Input data below:

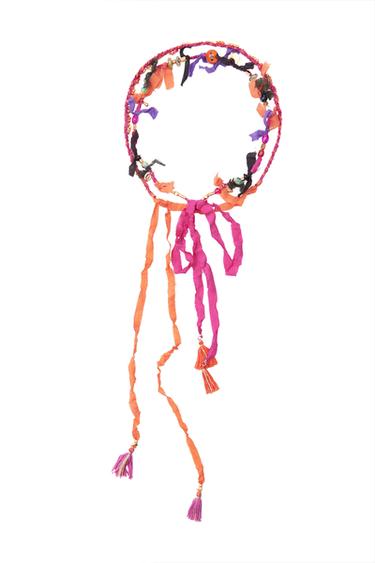 BEADED FABRIC NECKLACES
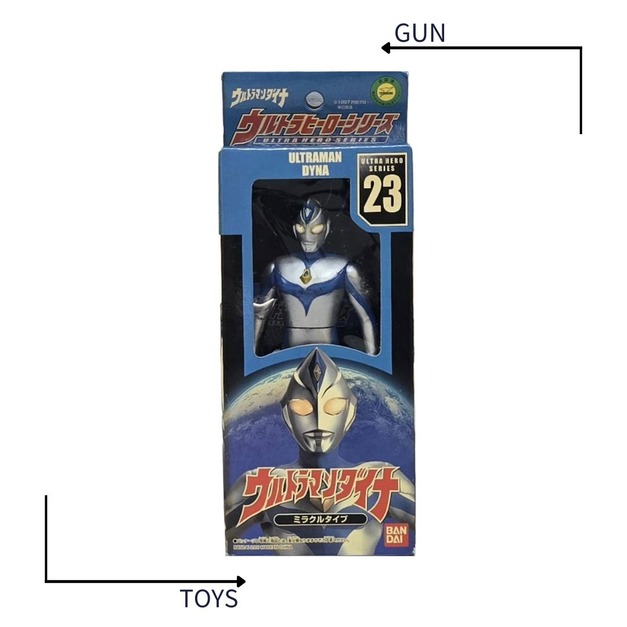 《GTS》BANDAI 奧特曼 超人力霸王 盒裝 軟膠 鹹蛋超人 奇蹟帝納 768175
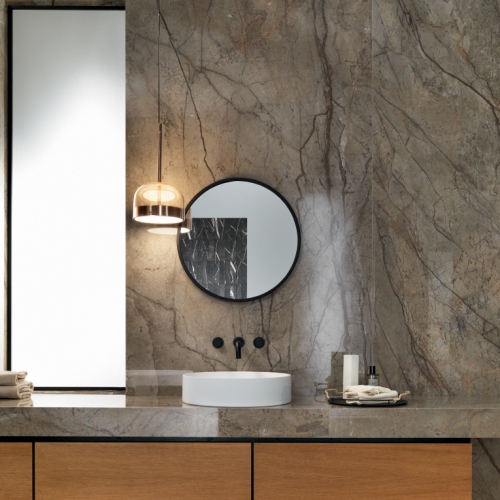 夏目漱石大理石薄板磚-亮面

End of Input data.

Your goal: The expected answer is the full listing above, transcribed exactly and without pictures.

Expected answer:
 BEADED FABRIC NECKLACES
 《GTS》BANDAI 奧特曼 超人力霸王 盒裝 軟膠 鹹蛋超人 奇蹟帝納 768175
 夏目漱石大理石薄板磚-亮面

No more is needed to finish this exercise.